Published Oct. 2, 2019

2 min read

When Lesley Wake Webster ’96 was pitching her idea for the 1995 Princeton Triangle Club show, one Triangle trustee did not hold back his criticism. 

“He literally said to me, ‘Young lady, you have no business writing comedy,’” she remembers. 

The joke is on that trustee: Webster is now a seasoned comedy writer in Hollywood, with credits on shows like Speechless, Life in Pieces, and American Dad. She says surviving rejection might be the biggest lesson she took away from her whole Triangle experience. 

“That was exactly what it’s like to work in TV in Hollywood,” Webster says. “You share your idea, and 99 people may tell you it’s terrible, but one person might hear it and see its potential. If you can find that right person and connect with them, you get to make something.” 

Webster is the creator and showrunner of Perfect Harmony, a comedy that premiered on NBC last week and stars Bradley Whitford and Anna Camp. The show tells the story of a former Princeton music professor who finds a new life working with a church choir in rural Kentucky. 

If you went to the 1995 Triangle show, you might notice a few similarities. Despite negative feedback from that trustee, Webster says Triangle officers decided to greenlight her idea: Pulpit Fiction. The musical featured a scheming minister in rural Kentucky planning to turn his church into a casino. 
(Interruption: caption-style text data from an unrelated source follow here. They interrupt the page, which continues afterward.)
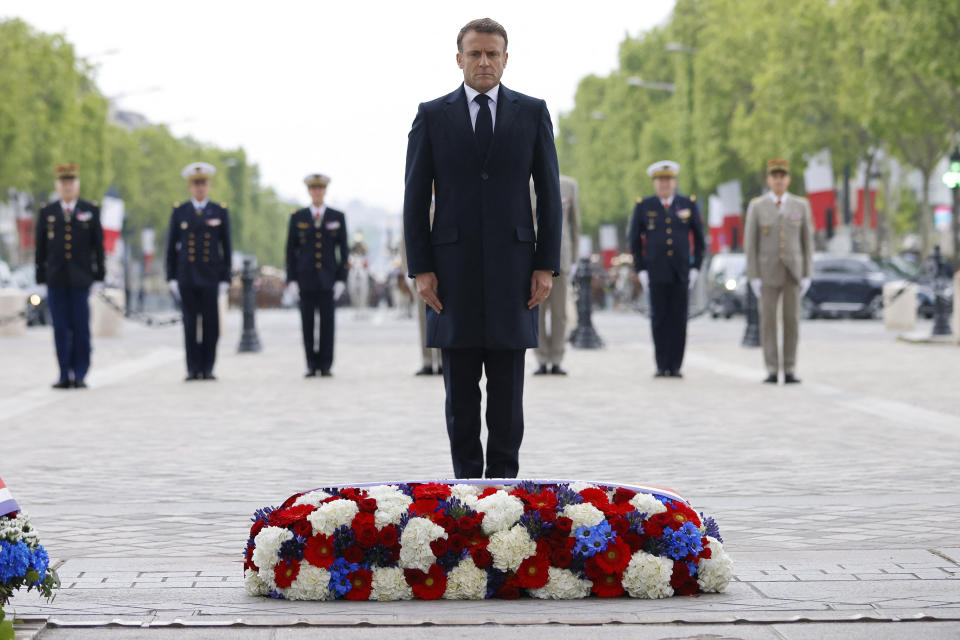 French President Emmanuel Macron stands after laying a wreath of flowers at the Tomb of the Unknown Soldier under the Arc de Triomphe, during a ceremony marking the 79th anniversary of the end of World War II, in Paris, Wednesday, May 8, 2024. (Johanna Geron, Pool via AP)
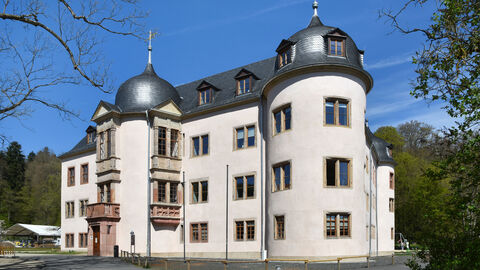 Das Wächtersbacher Schloss von außen: Ein weies Schlösschen mit grauem Dach und runden Türmen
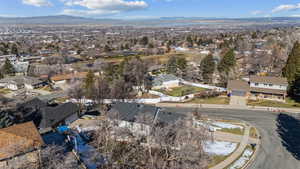 Drone / aerial view with a residential view and a mountain view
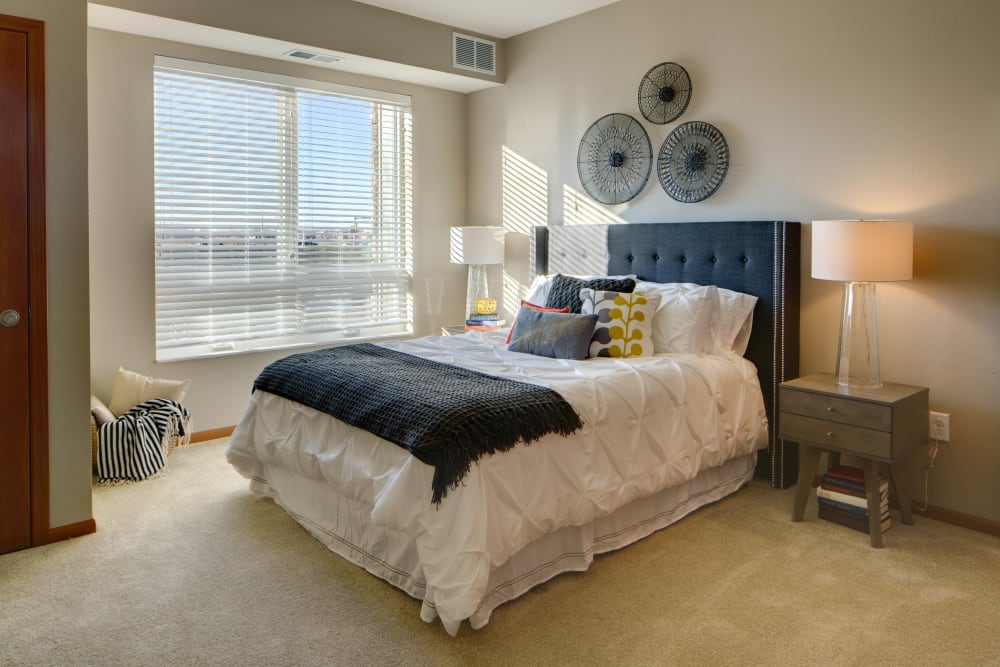 Spacious main bedroom with a large window for natural lighting at Remington Cove Apartments in Apple Valley, Minnesota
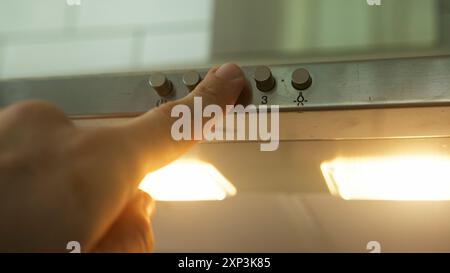 Eine Nahaufnahme einer Hand, die einen Knopf an einer Küchenpaddelbox drückt, um das Licht einzuschalten. Die Funktionalität und Benutzerfreundlichkeit des Küchengeräts. Stockfoto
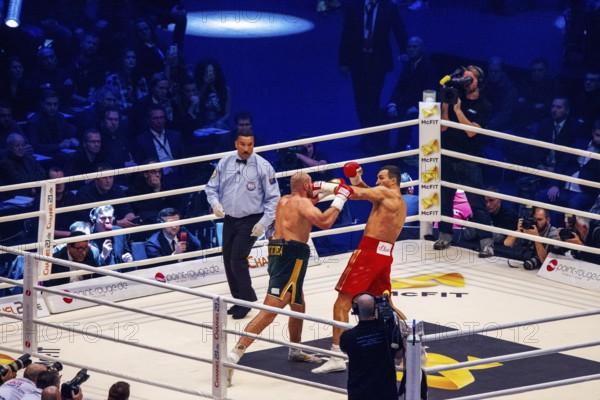 28-11-2015 Dusseldorf Germany. Tyson Fury and Wladimir Klitschko in centre of boxing ring, attack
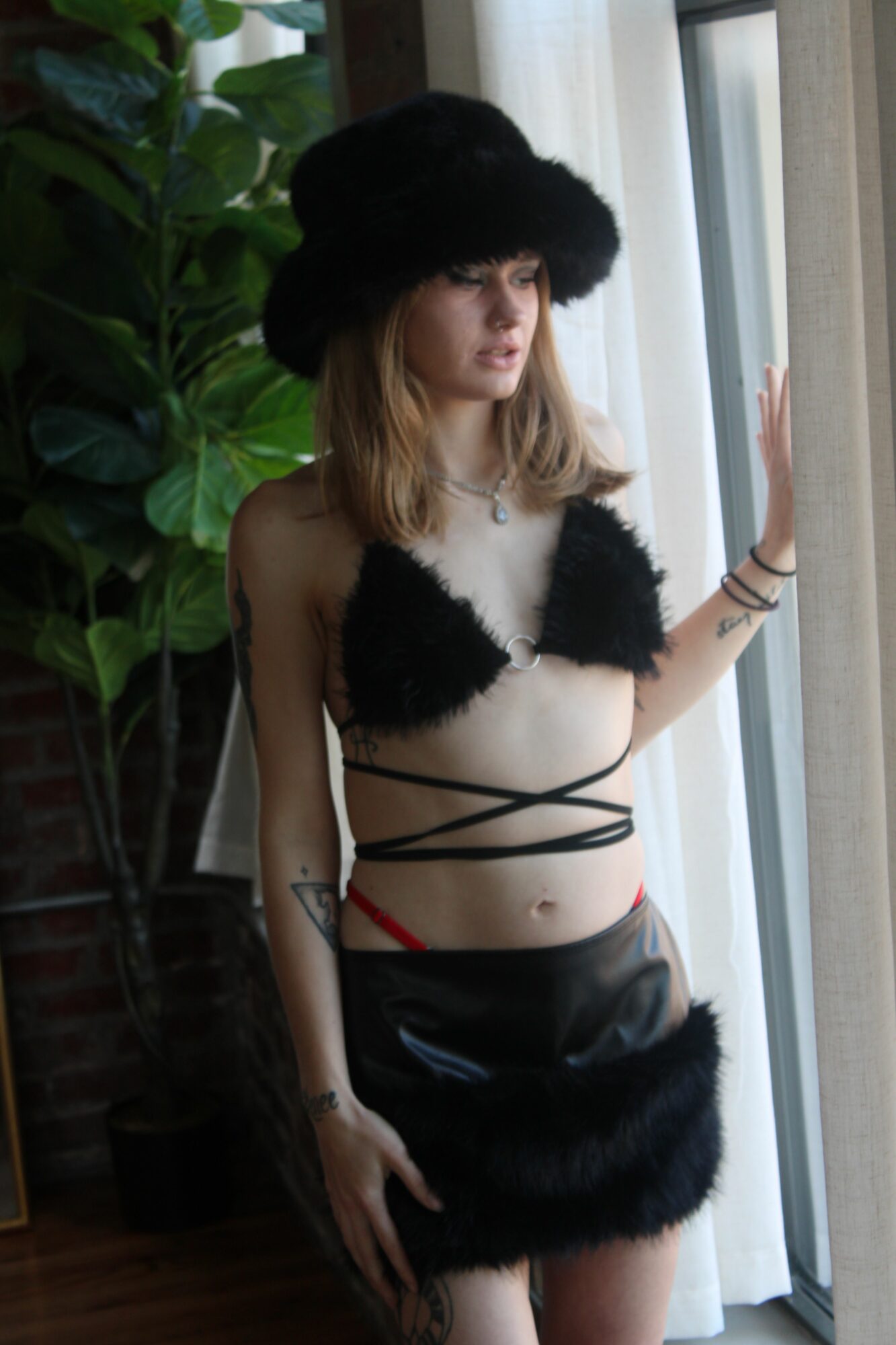 Person in black furry outfit with straps, standing indoors near large green plants, with a window in the background.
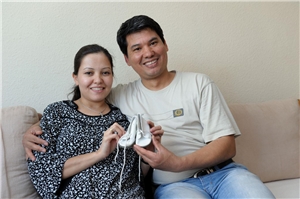 066-2020_Neuvisierung Das Foto zeigt ein junges Paar mit Migrationshintergrund, das Babyschuhe in die Kamera hält.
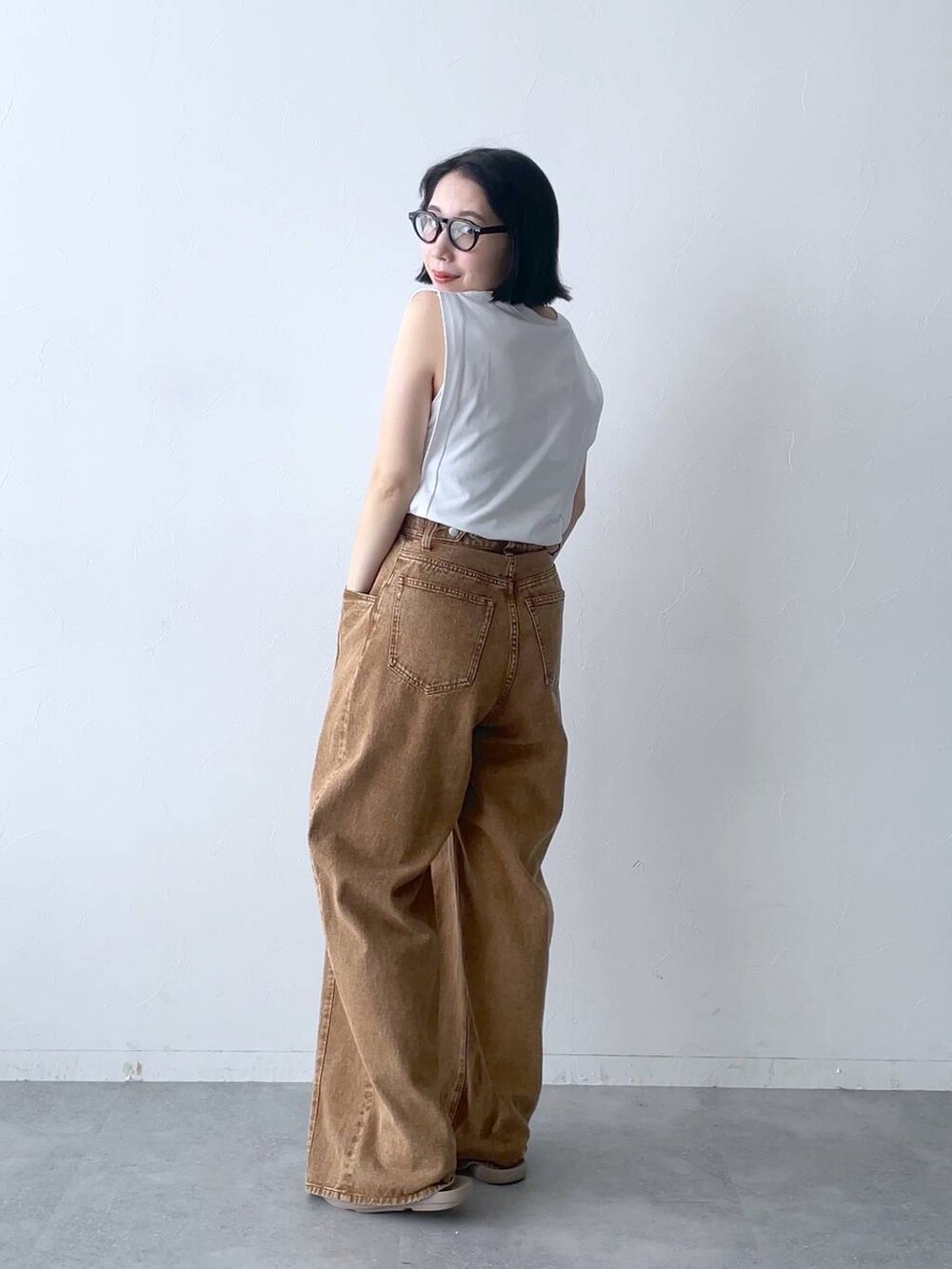 ブラウン系のデニムパンツを着用したレディースの夏コーディネートの4枚目の写真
“It’s a coincidence that I think relates to the things burbling around in my psyche,” Webster says. She grew up in Kentucky going to church, and her grandfather was a choir director (who happened to meet her grandmother at Westminster Choir College in Princeton). 

She says the main character in Perfect Harmony, played by Whitford, is based on her grandfather. He’s joined by a cast of characters that represent “a diversity of points of view.” 

Depictions of life in a small town in middle America can be hard to come by in a television program. Though the fictional choir lives in a state that reliably votes Republican, Webster says she doesn’t intend to make Perfect Harmony a political show. 

“Politics are a part of life, and you’ll see little flashes of that as it comes up organically with the characters,” she says. “We haven’t put a MAGA hat on a character yet, but they could definitely be wearing them.” 

But the show is about so much more than the two taboo topics of religion and politics. It’s about embracing life, finding a community, and learning from the people around you. 

“When you get together with other people and make music, there’s a connection, and it’s a beautiful connection that kind of transcends politics and petty grudges,” Webster says. “That sort of life-affirming connection that we have with other people through music was what I found as I was exploring what I wanted this pilot to be about.” 

With hundreds of shows competing for your attention, a dose of life-affirming comedy might be just what the doctor ordered. 

“It is peak TV time, and that also means there’s an incredible amount of noise to cut through,” she says. “I feel really lucky that I’m actually making a network TV show.”